**Source data:**
————

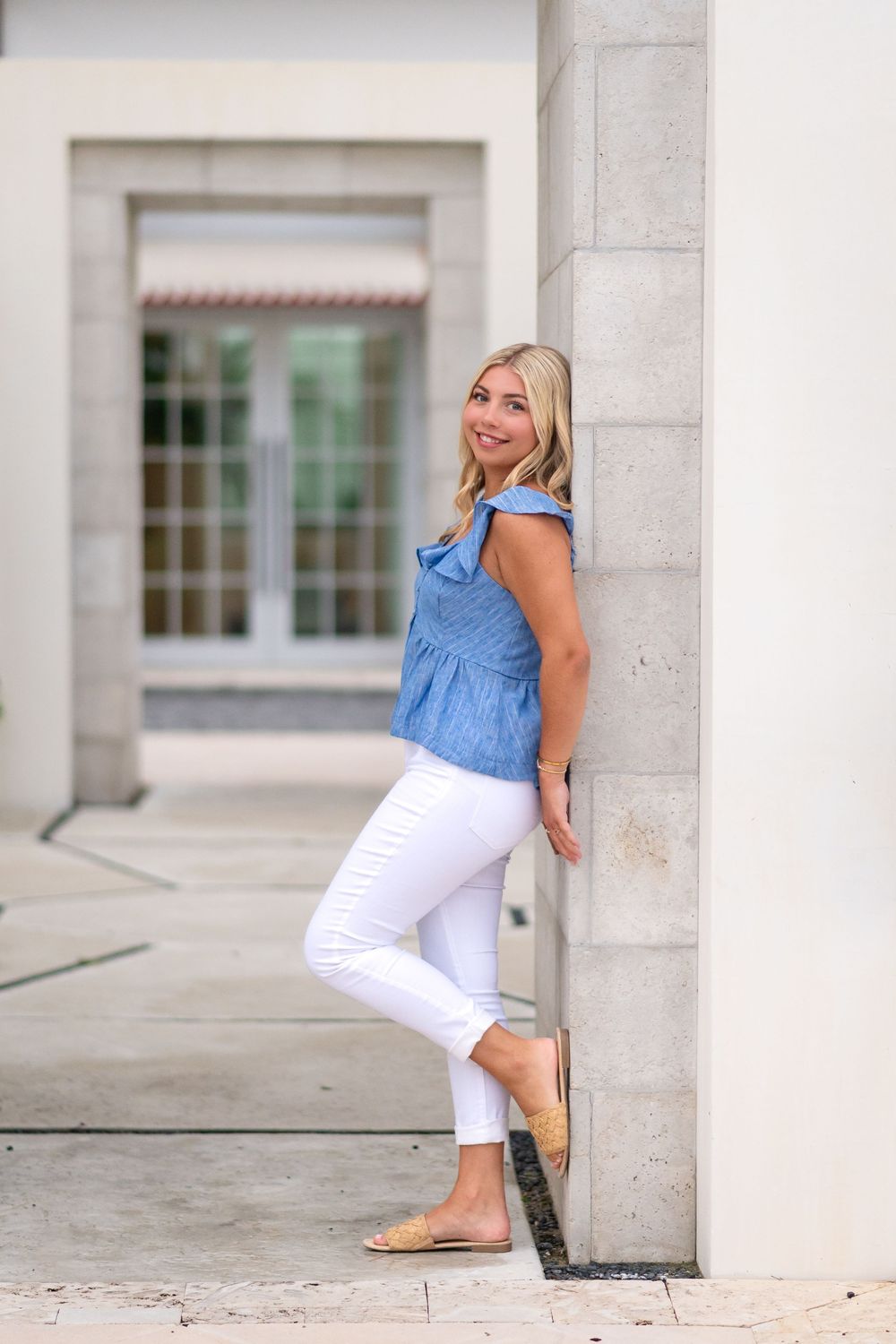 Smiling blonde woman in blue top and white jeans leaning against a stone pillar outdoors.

————

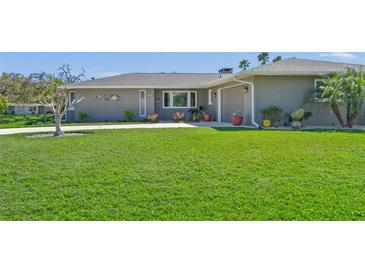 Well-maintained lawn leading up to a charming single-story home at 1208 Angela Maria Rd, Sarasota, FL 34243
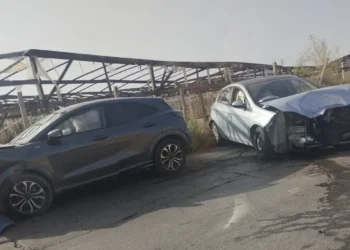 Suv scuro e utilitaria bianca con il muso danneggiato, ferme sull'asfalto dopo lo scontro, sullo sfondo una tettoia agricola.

————

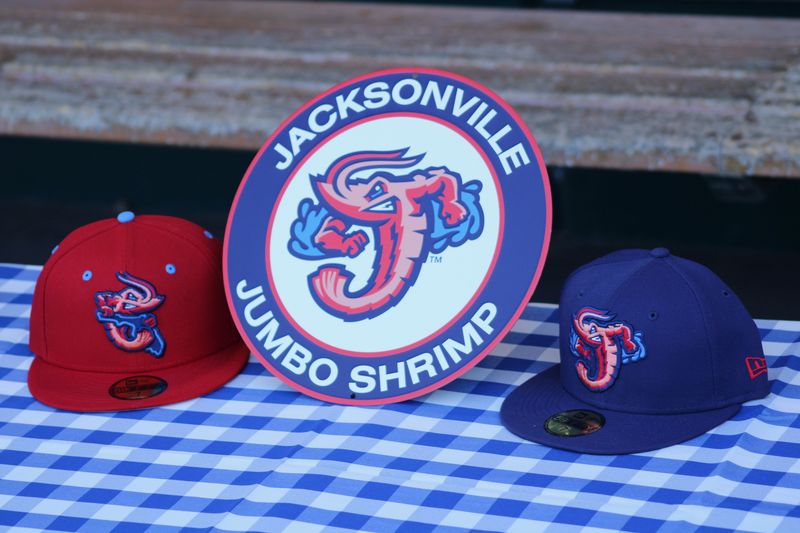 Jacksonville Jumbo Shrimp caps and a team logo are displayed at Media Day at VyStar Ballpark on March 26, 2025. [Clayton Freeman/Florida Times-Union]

————

**Task:** Leave the pictures out. Output, exactly, the lines of the material above starting at the line containing "Well-maintained lawn leading" and ending at the line containing "Suv scuro e".

**Written reply:**
 Well-maintained lawn leading up to a charming single-story home at 1208 Angela Maria Rd, Sarasota, FL 34243
 Suv scuro e utilitaria bianca con il muso danneggiato, ferme sull'asfalto dopo lo scontro, sullo sfondo una tettoia agricola.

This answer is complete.